Considere Joe, o Encanador, aquele americano verdadeiro que ganhou proeminência nas eleições de 2008 e desde então se remodelou como líder da mídia conservadora. Role pelas mais de 2.000 fotos na página dele do Facebook e você verá imagens criadas com a estética dos primórdios da cultura dos memes, imagens estáticas engraçadas e grotescas com frases escritas em grandes fontes Impact brancas.

Mas a candidatura de Trump também fez avanços entre uma constelação de subculturas com forte presença online, entre elas, os ativistas de direitos do homem, dos "artistas da pegação" e nacionalistas brancos, todos alimentadores do movimento da "direita alternativa". O próprio espaço de Trump na internet (ele conta com mais de 12 milhões de seguidores no Twitter, mas já era uma força no site antes mesmo de sua candidatura) tem contribuído muito para mobilizar um exército de direita nas redes sociais.

Não atrapalha o fato de Trump ter conduzido sua campanha com o improviso da cultura dos memes, subordinando uma plataforma fixa em prol da divulgação de frases visando provocar risadas ou vivas. E nas mãos de seus simpatizantes, as imagens são manipuladas para refletir a visão de mundo do candidato. Eles aplicaram em Hillary roupas de prisão com Photoshop, interpretaram uma piscadela como um "leve derrame" e rabiscaram humilhantes piadas de Monica Lewinsky no rosto dela. A criação de memes passou a ser oficialmente um ato bipartidário.

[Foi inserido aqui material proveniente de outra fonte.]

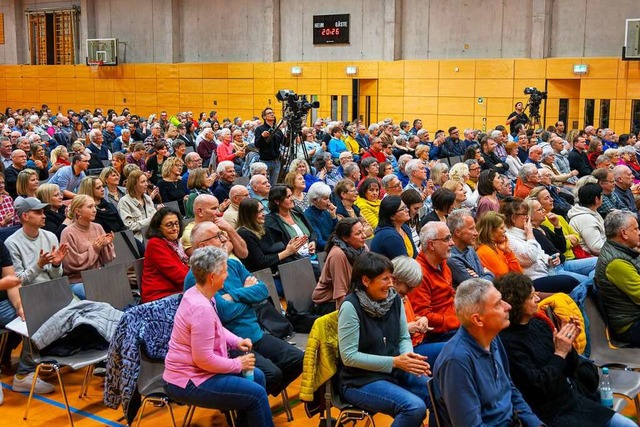 Etwa 700 Brgerinnen und Brger kamen zur Kandidatenvorstellung.  | Foto: Alexandra Gnzschel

Trump, o mestre do picadeiro de 2016, não dominará a imaginação política para sempre. Mas mesmo quando ele se for, seus maiores apoiadores e oponentes ainda estarão presentes online. A cada ciclo eleitoral, os cidadãos parecem acumular cada vez mais ferramentas para torcer a narrativa política online de acordo com sua vontade, ou no mínimo sentir como se estivessem fazendo isso.